***** Stored data

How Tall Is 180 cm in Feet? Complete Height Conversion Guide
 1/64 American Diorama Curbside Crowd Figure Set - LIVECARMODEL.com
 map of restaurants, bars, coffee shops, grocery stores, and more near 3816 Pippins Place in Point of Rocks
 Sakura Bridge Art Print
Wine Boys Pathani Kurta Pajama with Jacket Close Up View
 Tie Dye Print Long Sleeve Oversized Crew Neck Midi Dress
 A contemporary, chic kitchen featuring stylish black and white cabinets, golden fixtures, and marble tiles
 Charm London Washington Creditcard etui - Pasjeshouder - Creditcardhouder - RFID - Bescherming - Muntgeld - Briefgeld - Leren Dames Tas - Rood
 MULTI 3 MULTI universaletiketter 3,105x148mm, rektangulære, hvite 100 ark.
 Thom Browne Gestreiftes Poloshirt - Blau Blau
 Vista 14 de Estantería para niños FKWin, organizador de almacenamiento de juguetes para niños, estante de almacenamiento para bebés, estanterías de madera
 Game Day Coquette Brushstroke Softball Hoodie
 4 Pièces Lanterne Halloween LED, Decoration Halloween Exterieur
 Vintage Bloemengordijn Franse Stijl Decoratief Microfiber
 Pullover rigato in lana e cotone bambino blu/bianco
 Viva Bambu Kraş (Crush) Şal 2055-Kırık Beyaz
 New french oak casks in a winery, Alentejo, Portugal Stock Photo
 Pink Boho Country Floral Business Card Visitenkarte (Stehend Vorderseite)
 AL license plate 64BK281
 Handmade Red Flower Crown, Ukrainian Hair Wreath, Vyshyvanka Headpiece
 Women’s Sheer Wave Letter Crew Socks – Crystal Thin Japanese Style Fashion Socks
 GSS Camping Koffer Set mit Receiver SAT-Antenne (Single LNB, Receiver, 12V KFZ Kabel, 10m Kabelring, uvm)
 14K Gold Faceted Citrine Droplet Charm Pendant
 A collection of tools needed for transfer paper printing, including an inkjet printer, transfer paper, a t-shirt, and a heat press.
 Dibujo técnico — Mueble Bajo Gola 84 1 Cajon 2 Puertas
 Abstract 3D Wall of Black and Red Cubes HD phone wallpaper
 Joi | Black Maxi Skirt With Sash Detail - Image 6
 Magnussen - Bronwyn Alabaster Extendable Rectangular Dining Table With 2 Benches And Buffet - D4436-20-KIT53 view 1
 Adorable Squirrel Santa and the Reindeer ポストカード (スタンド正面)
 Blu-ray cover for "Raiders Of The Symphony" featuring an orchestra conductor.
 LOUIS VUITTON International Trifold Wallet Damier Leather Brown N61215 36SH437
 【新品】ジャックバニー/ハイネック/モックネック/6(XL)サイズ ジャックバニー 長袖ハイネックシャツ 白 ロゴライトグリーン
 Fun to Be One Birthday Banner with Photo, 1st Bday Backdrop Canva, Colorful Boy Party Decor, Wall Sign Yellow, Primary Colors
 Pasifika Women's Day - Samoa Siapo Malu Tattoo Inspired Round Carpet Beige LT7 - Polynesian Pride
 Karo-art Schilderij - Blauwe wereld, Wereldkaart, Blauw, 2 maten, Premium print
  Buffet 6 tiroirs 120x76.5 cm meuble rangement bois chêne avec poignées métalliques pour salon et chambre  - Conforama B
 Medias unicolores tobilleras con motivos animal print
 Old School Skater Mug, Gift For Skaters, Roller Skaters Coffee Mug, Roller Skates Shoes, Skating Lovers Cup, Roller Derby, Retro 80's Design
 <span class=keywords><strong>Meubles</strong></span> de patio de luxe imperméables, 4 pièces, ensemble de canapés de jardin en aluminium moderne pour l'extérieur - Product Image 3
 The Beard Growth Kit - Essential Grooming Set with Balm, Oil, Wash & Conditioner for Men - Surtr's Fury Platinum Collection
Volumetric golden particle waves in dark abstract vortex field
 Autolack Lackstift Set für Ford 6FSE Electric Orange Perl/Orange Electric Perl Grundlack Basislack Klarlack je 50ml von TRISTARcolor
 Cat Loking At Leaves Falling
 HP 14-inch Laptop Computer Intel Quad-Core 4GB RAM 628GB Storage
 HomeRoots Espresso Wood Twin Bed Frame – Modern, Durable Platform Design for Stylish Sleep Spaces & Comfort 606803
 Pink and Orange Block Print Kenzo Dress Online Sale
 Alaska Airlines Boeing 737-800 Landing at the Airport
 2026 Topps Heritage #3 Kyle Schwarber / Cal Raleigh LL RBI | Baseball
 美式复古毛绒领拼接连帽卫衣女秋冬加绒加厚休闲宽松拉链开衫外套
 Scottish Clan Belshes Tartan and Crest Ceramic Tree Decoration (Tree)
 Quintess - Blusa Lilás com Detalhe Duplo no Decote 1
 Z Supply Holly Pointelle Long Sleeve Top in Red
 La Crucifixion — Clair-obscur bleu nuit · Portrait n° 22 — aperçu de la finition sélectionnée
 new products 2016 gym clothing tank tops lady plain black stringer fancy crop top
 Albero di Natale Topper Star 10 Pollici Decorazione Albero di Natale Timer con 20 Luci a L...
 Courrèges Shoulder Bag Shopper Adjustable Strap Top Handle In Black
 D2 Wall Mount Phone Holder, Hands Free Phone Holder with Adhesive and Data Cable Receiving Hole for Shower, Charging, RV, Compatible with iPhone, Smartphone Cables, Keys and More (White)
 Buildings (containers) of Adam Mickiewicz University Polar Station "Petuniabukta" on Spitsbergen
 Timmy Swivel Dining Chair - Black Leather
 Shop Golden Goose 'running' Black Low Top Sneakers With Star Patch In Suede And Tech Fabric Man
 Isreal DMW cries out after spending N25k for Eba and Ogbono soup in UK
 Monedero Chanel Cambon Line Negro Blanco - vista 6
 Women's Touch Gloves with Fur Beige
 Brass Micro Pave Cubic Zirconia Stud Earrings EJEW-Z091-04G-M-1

**********

- Brief -
Whenever the word "Dress" shows up in a line above, copy that line.

- Reply to the task -
 Tie Dye Print Long Sleeve Oversized Crew Neck Midi Dress
 Pink and Orange Block Print Kenzo Dress Online Sale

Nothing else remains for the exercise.